> GIVEN ENTRIES:
══════════

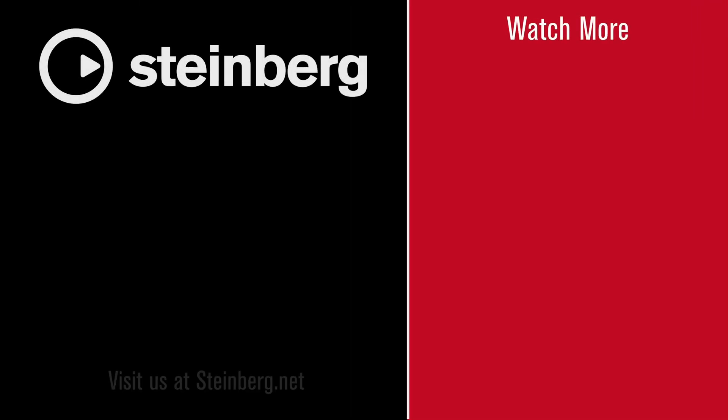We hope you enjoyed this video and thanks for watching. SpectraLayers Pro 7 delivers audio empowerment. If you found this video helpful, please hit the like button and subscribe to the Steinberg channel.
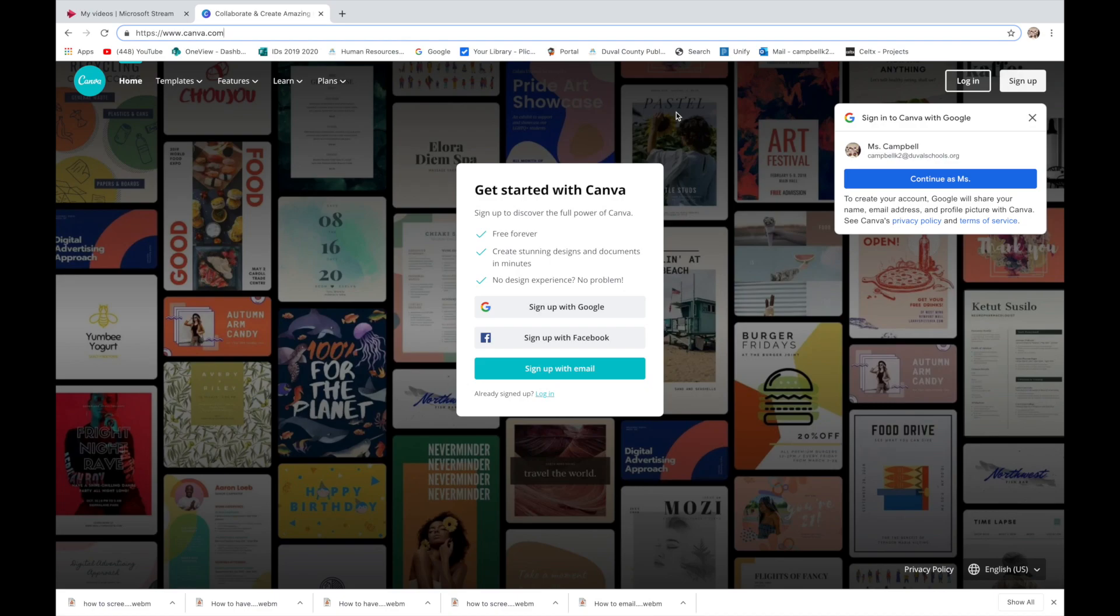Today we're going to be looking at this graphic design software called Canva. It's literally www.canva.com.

══════════

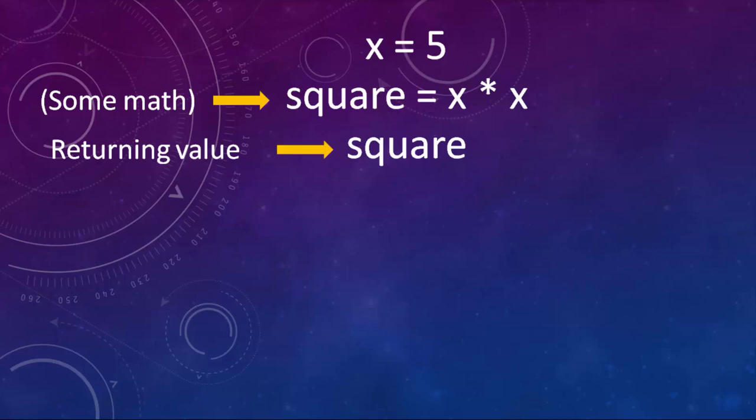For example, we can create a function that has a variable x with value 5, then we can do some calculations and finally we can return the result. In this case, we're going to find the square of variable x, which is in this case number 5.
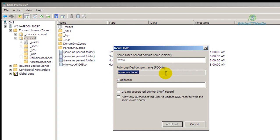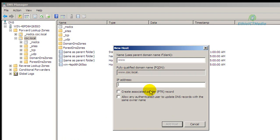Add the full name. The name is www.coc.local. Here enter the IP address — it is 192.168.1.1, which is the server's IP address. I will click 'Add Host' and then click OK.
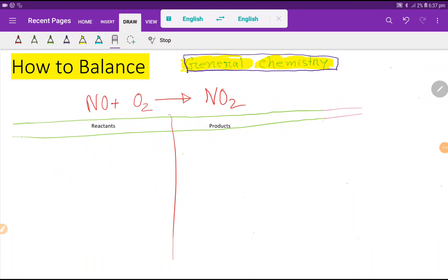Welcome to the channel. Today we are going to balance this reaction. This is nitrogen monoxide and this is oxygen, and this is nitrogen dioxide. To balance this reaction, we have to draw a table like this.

══════════

> ABOUT THIS TASK: Print, word for word, the lines above that run from the line containing "We hope you" to the line containing "Today we're going", both included. Keep the pictures out.

> EXERCISE ANSWER:
We hope you enjoyed this video and thanks for watching. SpectraLayers Pro 7 delivers audio empowerment. If you found this video helpful, please hit the like button and subscribe to the Steinberg channel.
Today we're going to be looking at this graphic design software called Canva. It's literally www.canva.com.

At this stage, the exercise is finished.